Tuesday, October 6, 2009
When I heard the sirens in early July, I didn't think much of it. Just some trouble makers out on another steamy night in Northwest Florida. The next day, I read in the papers there was a double homicide three miles from my house. The Billings murders gave me a glimpse of the cruel mortality brought on good people for money. I couldn't believe it. There were two weeks in the summer where there were a total of two consistent headlines: Michael Jackson's death and the Billings murders in Beulah, a small community on the Flora-Bama border where I live. News vans scooted about the streets looking for a willing interviewee, suckling on the southern charm of the area.
After a few weeks had passed, the trickle of the media frenzy dissipated and our lives began to move on far from the media's eye. I did not take the murders to heart too much, I'm sorry to say. The Billings lived in a more affluent area and our social circles never crossed.

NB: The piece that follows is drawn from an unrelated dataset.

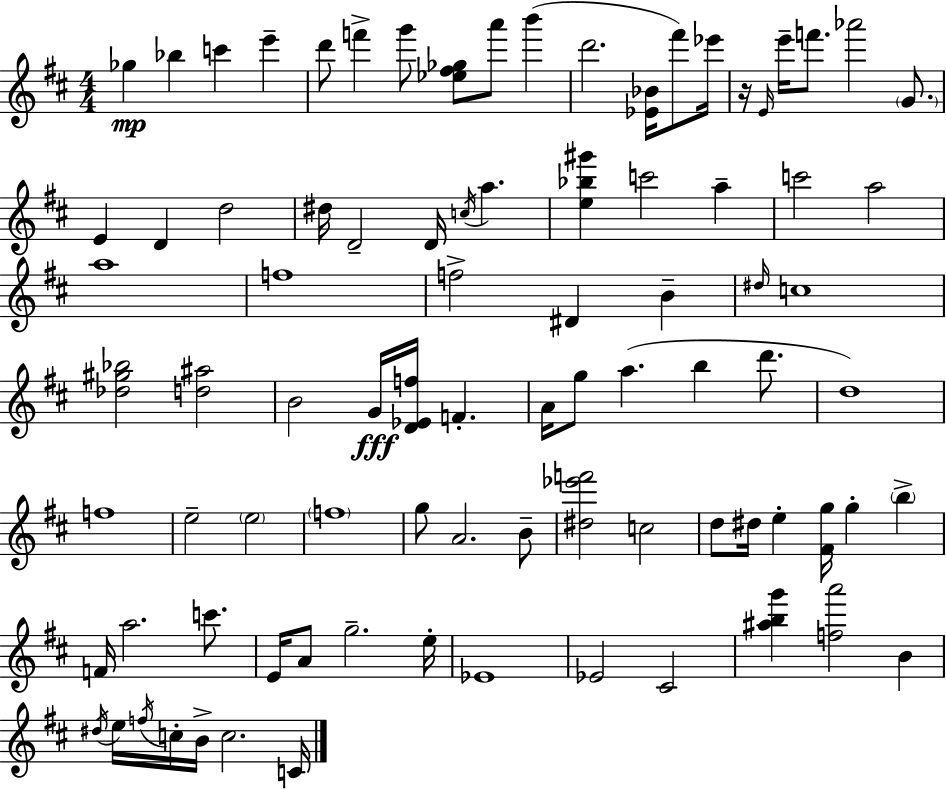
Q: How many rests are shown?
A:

Today our little area was hit once again with fear. After deciding not to stay after class in the library, I left the UWF campus just north of Pensacola only to receive a text message from the school while en route home:Bruce Day- at large "Police are pursuing a murder suspect in woods near campus: W/M 42yo DK GRN shirt jeans5-8 160. If seen call 9-1-1.
Unfortunately, this news wasn't all too shocking. Being on a border town, convicts cross the state lines to Alabama and we have experienced escape prisoner alerts four times in the last year. My daughter is well aware of proper procedure on what to do should a lock down at school occur; she has been through two.

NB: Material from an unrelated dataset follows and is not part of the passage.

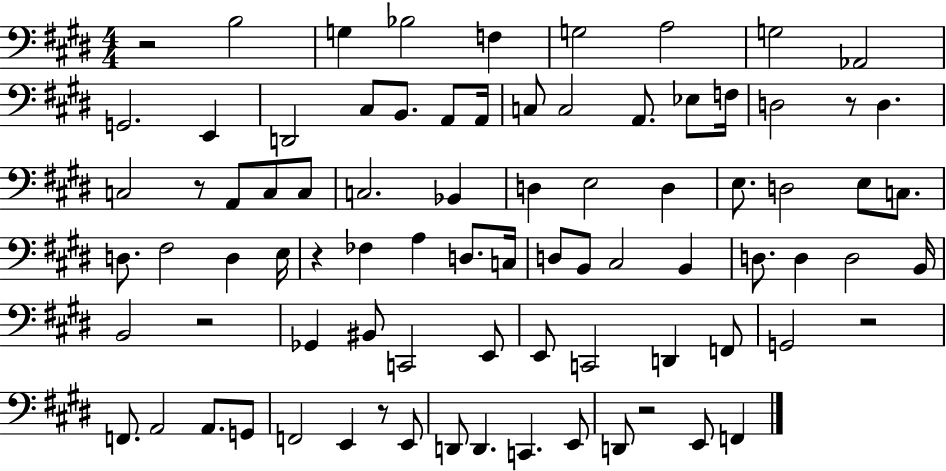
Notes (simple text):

R/h B3/h G3/q Bb3/h F3/q G3/h A3/h G3/h Ab2/h G2/h. E2/q D2/h C#3/e B2/e. A2/e A2/s C3/e C3/h A2/e. Eb3/e F3/s D3/h R/e D3/q. C3/h R/e A2/e C3/e C3/e C3/h. Bb2/q D3/q E3/h D3/q E3/e. D3/h E3/e C3/e. D3/e. F#3/h D3/q E3/s R/q FES3/q A3/q D3/e. C3/s D3/e B2/e C#3/h B2/q D3/e. D3/q D3/h B2/s B2/h R/h Gb2/q BIS2/e C2/h E2/e E2/e C2/h D2/q F2/e G2/h R/h F2/e. A2/h A2/e. G2/e F2/h E2/q R/e E2/e D2/e D2/q. C2/q. E2/e D2/e R/h E2/e F2/q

About an hour later, I received a second text message from the school: "Suspect seen in woods on campus property. Stay inside buildings, lock doors. Night classes are canceled. "

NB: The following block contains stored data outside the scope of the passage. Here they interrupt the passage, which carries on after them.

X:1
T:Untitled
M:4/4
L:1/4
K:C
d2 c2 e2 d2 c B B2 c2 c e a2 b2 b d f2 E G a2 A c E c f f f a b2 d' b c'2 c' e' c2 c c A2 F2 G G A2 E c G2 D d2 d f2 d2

Then came the solemn hush. I started getting messages from friends saying they were off campus and all right. Even though my close friends were all right, it was unsettling going into stores. I heard a young man talking to a friend on his phone, "Please pray for her, yeah. She's in the library and being moved into an internal room and locked in with the rest of the kids. I can't even a text from her."
A mother in Blockbuster wanted to know if I had anymore information because her son was stuck in a building as well. I told her what I could, wishing I knew more.
At 5:21 the last message was issued: "Lock down is lifted. Campus community is free to leave. Classes canceled tonight." They have yet to apprehend the suspect, but are allowing commuting students and teachers to leave, keeping those who live in campus housing to remain on lock down for the time being.
Alerts like these make me wonder about safety, real safety. I have to admit, I'm going to be double checking the locks on my doors. This is coming all too close to home.
And yet I feel lucky. If this is all of the problems we are facing, it's not that bad. Situations like these give me a better perspective on the atrocities that are going on around the world in places where people truly feel the anxiety of mortality everyday. It provides an empathy for others in harder situations and places where murderers don't hide in the woods on a college campus, but walk around daily slinging weapons over their arms, ready to kill at the mere glimmer of a threat. In that respect we are fortunate. Even though these situations have occurred recently, it is rare and will hopefully become less frequent. I only hope the police get him off of my campus safely, and soon.